Most are about some giant hairy ape-like creature described as mysterious and elusive. One list has 175 names for Bigfoot from all over the world. Best known are Sasquatch, the Abominable Snowman and Yeti, but in China he's called Gin-sung, Amomongo in the Philippines, Yowie in Australia, Mono Grande in South America, Doko in Africa, and Texans call him the Lake Worth Monster.

American Indians also have their Bigfoot stories. The Salish tribes call him Saskets, and he's known as Tsoapittse by the Idaho Shoshones.

Outside Scotland and Russia however, the Bigfoot story seems to be ignored by European countries and none are listed from the Middle East.

Idaho too has its own Bigfoot legends, and one of them is probably mostly true:

Nampa, Idaho, was named after a chief of the combined Bannock, Paiute and Shoshone Indian tribes called Nam-Puh.

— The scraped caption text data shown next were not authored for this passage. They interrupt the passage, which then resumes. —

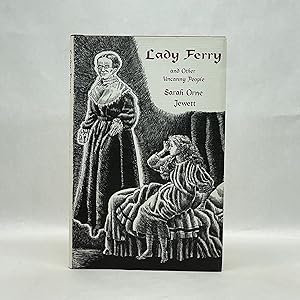 LADY FERRY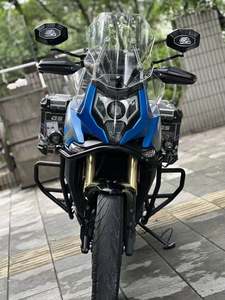 二手春风650MT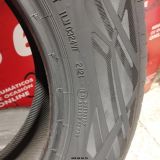 2x 215 65 R17 99V CONTINENTAL ECOCONTACT6 5.4/5.7mm REF:11902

He was also known as Howluck, Oulux, Qualuck, Howlark, Howlash, We-ah-we-ha and Nampu. According to John Hailey in The History of Idaho, he was "six foot eight inches tall, and weighing two hundred and eighty pounds." Because his footprint was seventeen and a half inches long, he earned the nickname Bigfoot.

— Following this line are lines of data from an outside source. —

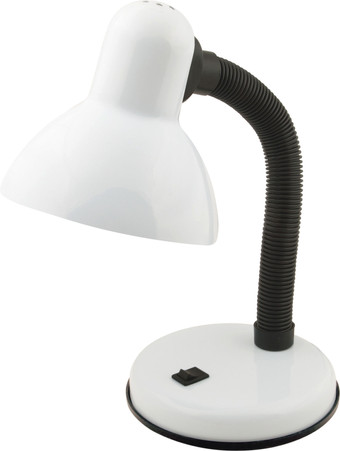 Настольная лампа Uniel TLI-225 UL-00001805 (белый)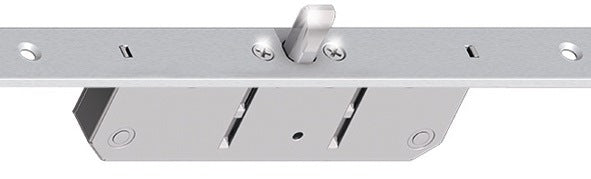 FUHR multisafe 855GL Mehrfachverriegelung PZW 3-fach Bolzenriegel Flachstulp 2170 mm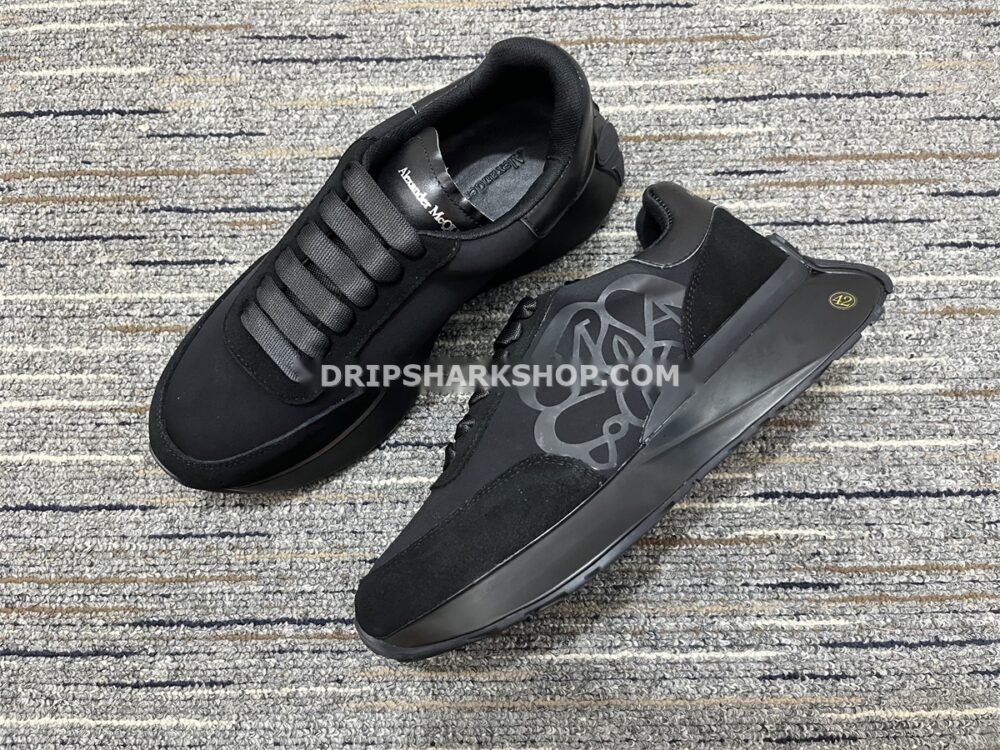 47d807e9 ALEXANDER MCQUEEN Zapatillas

But there was another Nampa. As an uncertain but well-publicized story goes, he was a Cherokee Indian named Starr Wilkinson who was just a baby in 1839 when his family was forced by the U.S. Government to join the historic "Trail of Tears" and leave their ancestral homes in the Carolinas and walk all the way to an Indian reservation in Oklahoma.

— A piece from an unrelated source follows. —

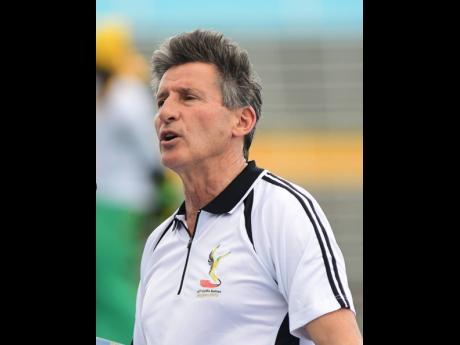 2023 World Athletics Relays postponed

Starr's father was white but his mother was half-Cherokee and half black. That was enough Indian to evict the whole family.

Starr grew into a strapping seven-foot young man on the Oklahoma reservation and then left to find better opportunities elsewhere. After some odd jobs along the way, he joined a wagon train in St. Joseph, Mo., heading west on the Oregon Trail. He spoke perfect English, dressed and groomed himself like a white man, worked hard helping the train and was well liked by the pioneers. Then something went wrong that forever changed his destiny.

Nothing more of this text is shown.